- The Rani, as portrayed by (left to right) O'Mara, Panjabi and Dobson
- First appearance: The Mark of the Rani (1985)
- Portrayed by: Kate O'Mara (1985, 1987, 1993); Anita Dobson (2023–2025); Archie Panjabi (2025);
- Voiced by: Kate O'Mara (2000); Siobhan Redmond (2014–2015, 2026);

In-universe information
- Alias: Mrs Flood (Dobson's incarnation)
- Species: Time Lord
- Home: Gallifrey

= The Rani =

Character in the TV series Doctor Who

The Rani is a fictional character in the British science fiction television series Doctor Who. She is a recurring antagonist within the series. A renegade Time Lord and a nemesis of the series' title character, a Time Lord known as the Doctor, the Rani is an amoral scientist who is willing to do anything to further her research. The Rani was originally portrayed by actress Kate O'Mara, and she appears in the two classic serials The Mark of the Rani (1985) and Time and the Rani (1987), and reprised her role in the charity special Dimensions in Time (1993). The Rani subsequently appeared in spin-off material for the series, being portrayed by actress Siobhan Redmond in some audio dramas, but would not appear on-screen again until the 2005 revival's fourteenth series, where she initially appears as a recurring antagonist named Mrs. Flood, who is portrayed by Anita Dobson. This incarnation of the character "bi-generates", resulting in there being two Ranis, with the second portrayed by Archie Panjabi.

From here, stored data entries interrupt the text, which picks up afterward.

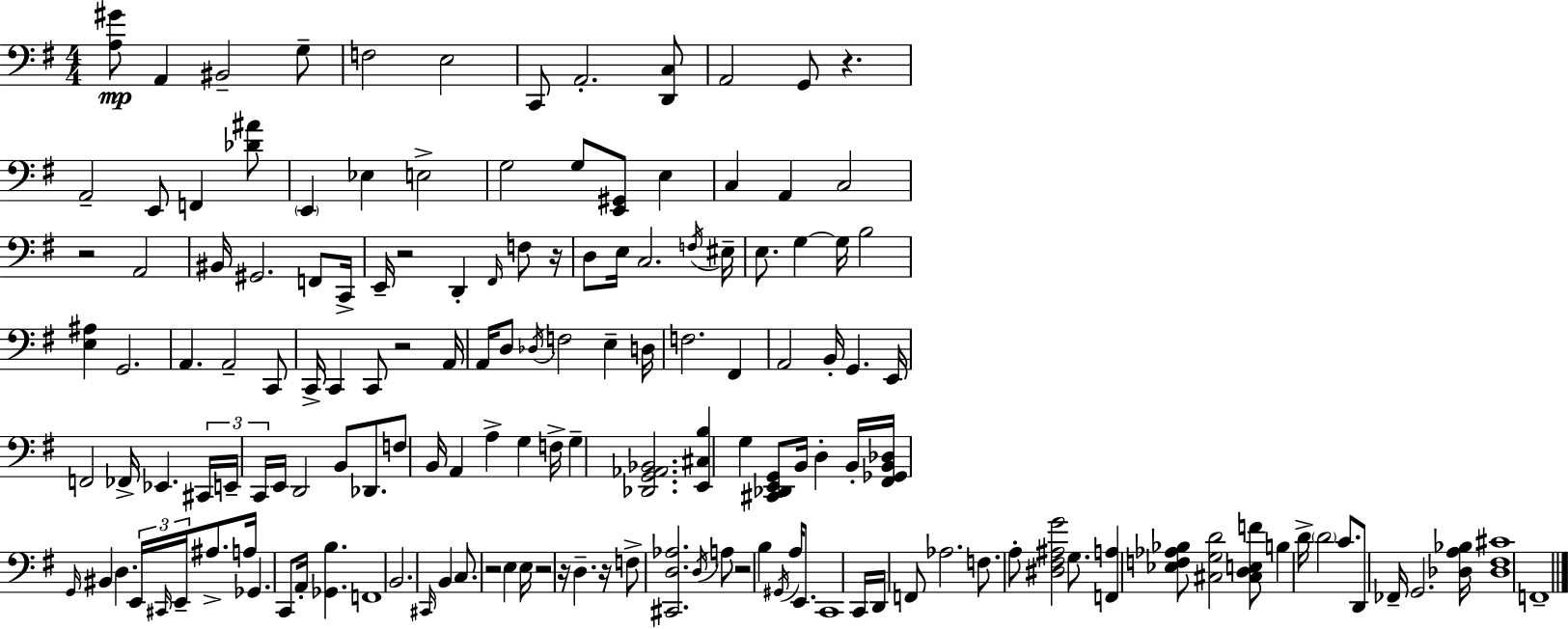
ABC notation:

X:1
T:Untitled
M:4/4
L:1/4
K:G
[A,^G]/2 A,, ^B,,2 G,/2 F,2 E,2 C,,/2 A,,2 [D,,C,]/2 A,,2 G,,/2 z A,,2 E,,/2 F,, [_D^A]/2 E,, _E, E,2 G,2 G,/2 [E,,^G,,]/2 E, C, A,, C,2 z2 A,,2 ^B,,/4 ^G,,2 F,,/2 C,,/4 E,,/4 z2 D,, ^F,,/4 F,/2 z/4 D,/2 E,/4 C,2 F,/4 ^E,/4 E,/2 G, G,/4 B,2 [E,^A,] G,,2 A,, A,,2 C,,/2 C,,/4 C,, C,,/2 z2 A,,/4 A,,/4 D,/2 _D,/4 F,2 E, D,/4 F,2 ^F,, A,,2 B,,/4 G,, E,,/4 F,,2 _F,,/4 _E,, ^C,,/4 E,,/4 C,,/4 E,,/4 D,,2 B,,/2 _D,,/2 F,/2 B,,/4 A,, A, G, F,/4 G, [_D,,G,,_A,,_B,,]2 [E,,^C,B,] G, [^C,,_D,,E,,G,,]/2 B,,/4 D, B,,/4 [^F,,_G,,B,,_D,]/4 G,,/4 ^B,, D, E,,/4 ^C,,/4 E,,/4 ^A,/2 A,/4 _G,, C,,/2 A,,/4 [_G,,B,] F,,4 B,,2 ^C,,/4 B,, C,/2 z2 E, E,/4 z2 z/4 D, z/4 F,/2 [^C,,D,_A,]2 D,/4 A,/2 z2 B, ^G,,/4 A,/4 E,,/2 C,,4 C,,/4 D,,/4 F,,/2 _A,2 F,/2 A,/2 [^D,^F,^A,G]2 G,/2 [F,,A,] [_E,F,_A,_B,]/2 [^C,G,D]2 [^C,D,E,F]/2 B, D/4 D2 C/2 D,,/2 _F,,/4 G,,2 [_D,A,_B,]/4 [_D,^F,^C]4 F,,4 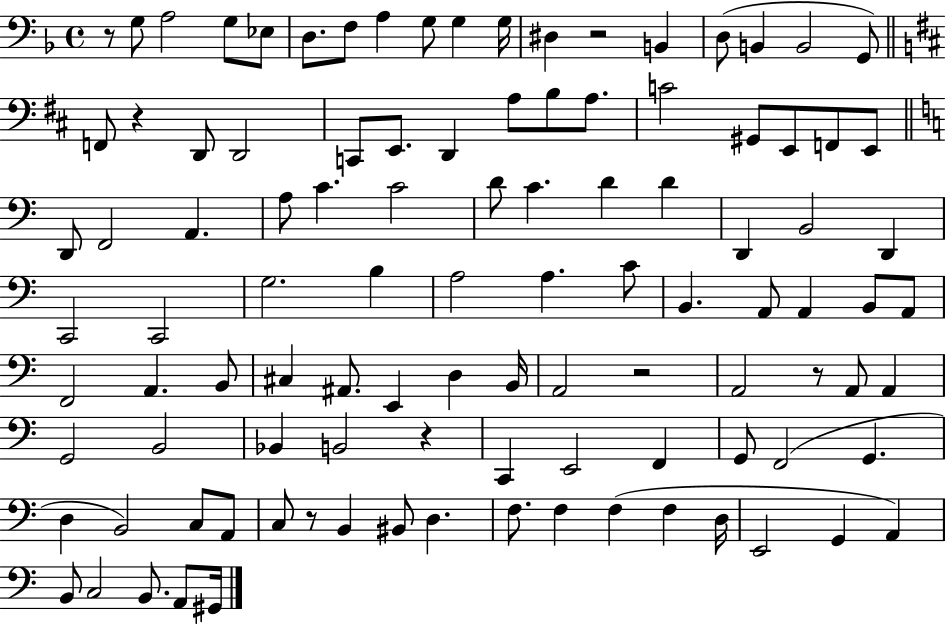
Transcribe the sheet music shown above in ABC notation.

X:1
T:Untitled
M:4/4
L:1/4
K:F
z/2 G,/2 A,2 G,/2 _E,/2 D,/2 F,/2 A, G,/2 G, G,/4 ^D, z2 B,, D,/2 B,, B,,2 G,,/2 F,,/2 z D,,/2 D,,2 C,,/2 E,,/2 D,, A,/2 B,/2 A,/2 C2 ^G,,/2 E,,/2 F,,/2 E,,/2 D,,/2 F,,2 A,, A,/2 C C2 D/2 C D D D,, B,,2 D,, C,,2 C,,2 G,2 B, A,2 A, C/2 B,, A,,/2 A,, B,,/2 A,,/2 F,,2 A,, B,,/2 ^C, ^A,,/2 E,, D, B,,/4 A,,2 z2 A,,2 z/2 A,,/2 A,, G,,2 B,,2 _B,, B,,2 z C,, E,,2 F,, G,,/2 F,,2 G,, D, B,,2 C,/2 A,,/2 C,/2 z/2 B,, ^B,,/2 D, F,/2 F, F, F, D,/4 E,,2 G,, A,, B,,/2 C,2 B,,/2 A,,/2 ^G,,/4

The Rani was initially created due to John Nathan-Turner, a producer on the show, wanting another Time Lord antagonist on the show. The writers of The Mark of the Rani, Pip and Jane Baker, decided to make this antagonist a woman, naming her the Rani after the Sanskrit word for "queen". The Rani would be incorporated into subsequent stories, but would not initially re-appear in the show's eventual 2005 revival. Though planned for a 2013 revival, the character would not re-appear on-screen until 2023's "The Church on Ruby Road," as Mrs. Flood. Russell T Davies enjoyed Dobson in the part and thus brought her back for further appearances. Mrs. Flood was played as a mysterious character, and during filming of series fourteen, showrunner and writer Davies was still unsure of what her true identity should be. He eventually decided on the Rani. The character would have her identity revealed on-screen in 2025's "The Interstellar Song Contest," which introduced Panjabi's incarnation. Davies desired an Indian actress in the part, reflecting the origin of the Rani's name, and contacted Panjabi personally to play her.

The Rani proved to be popular with critics, who praised O'Mara's performance. Many critics highlighted her role as a female antagonist who was treated seriously, which was ground-breaking for the time. She had lasting popularity with fans of the show, resulting in her often being frequently brought up by fans. She additionally was often speculated as a possible identity for mysterious new characters; this happened to such an extent that the production team directly acknowledged that fans would assume these characters to be the Rani. Her eventual return in the show's revival was initially met with a positive response, though her later usage received some criticism from critics.

== Appearances ==

=== Television series ===
Doctor Who is a British science-fiction television series that began in 1963. Its protagonist is the Doctor, an alien who travels through time and space in a ship known as the TARDIS, as well as their travelling companions. When the Doctor dies, they are able to undergo a process known as "regeneration", completely changing their appearance and personality. Throughout their travels, the Doctor often comes into conflict with various alien species and antagonists.

The Rani is a renegade Time Lord and amoral scientist who is willing to do anything to further her research into science and evolution. In her childhood, she attended the Time Lord academy with the Doctor. She was later exiled from Gallifrey, the Time Lords' home planet, for her inhumane experiments. At some point, the Rani came to rule the planet Miasimia Goria.

The Rani (Kate O'Mara) first appears in the 1985 serial The Mark of the Rani, in which she has taken control of a 19th century English mining town during the Industrial Revolution. Her biological experimentation on the enslaved populace of Miasimia Goria has heightened their awareness but inadvertently compromised their ability to sleep, turning them violent and plunging the planet into chaos. To restore order, the Rani has been harvesting the neuro-chemical that promotes sleep from human brains, carrying this out in violent periods of Earth's history so the resulting aggression and sleeplessness go unnoticed. The Sixth Doctor (Colin Baker) is able to stop the Rani's scheme and she is trapped in her TARDIS by a large Tyrannosaurus rex she had previously kept as an embryo.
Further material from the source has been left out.